Dataset content>
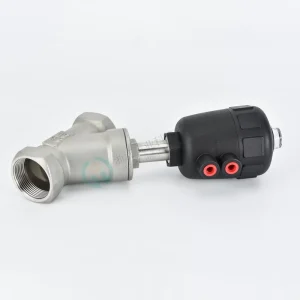 304 Stainless Steel Pneumatic Y-Type High-Temperature Angle-Seat Steam Control Valve with Plastic Head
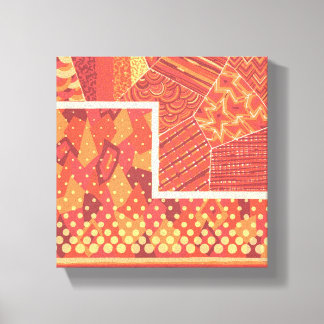 Impressão Em Tela Duas Formas Geométricas Compõem Art Canva Impressã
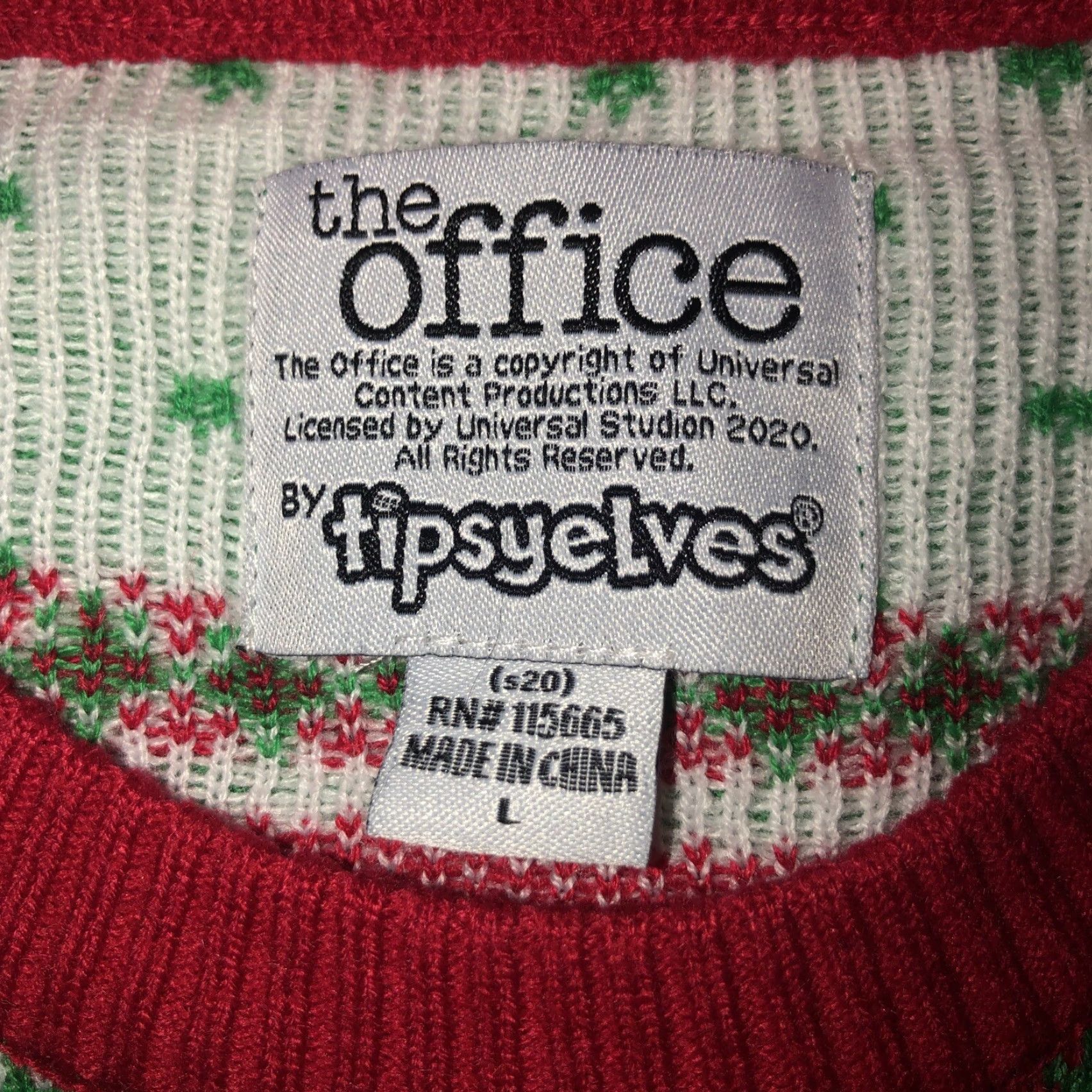Vintage Tipsy Elves The Office Christmas Sweater Mens L Cardigan Crew Neck Green Christmas Sweater Size US L / EU 52-54 / 3 - 4 Thumbnail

Task objective> Print the material above word for word, first line through the line with "Impressão Em Tela", and leave every picture out.

Response to this task>
 304 Stainless Steel Pneumatic Y-Type High-Temperature Angle-Seat Steam Control Valve with Plastic Head
 Impressão Em Tela Duas Formas Geométricas Compõem Art Canva Impressã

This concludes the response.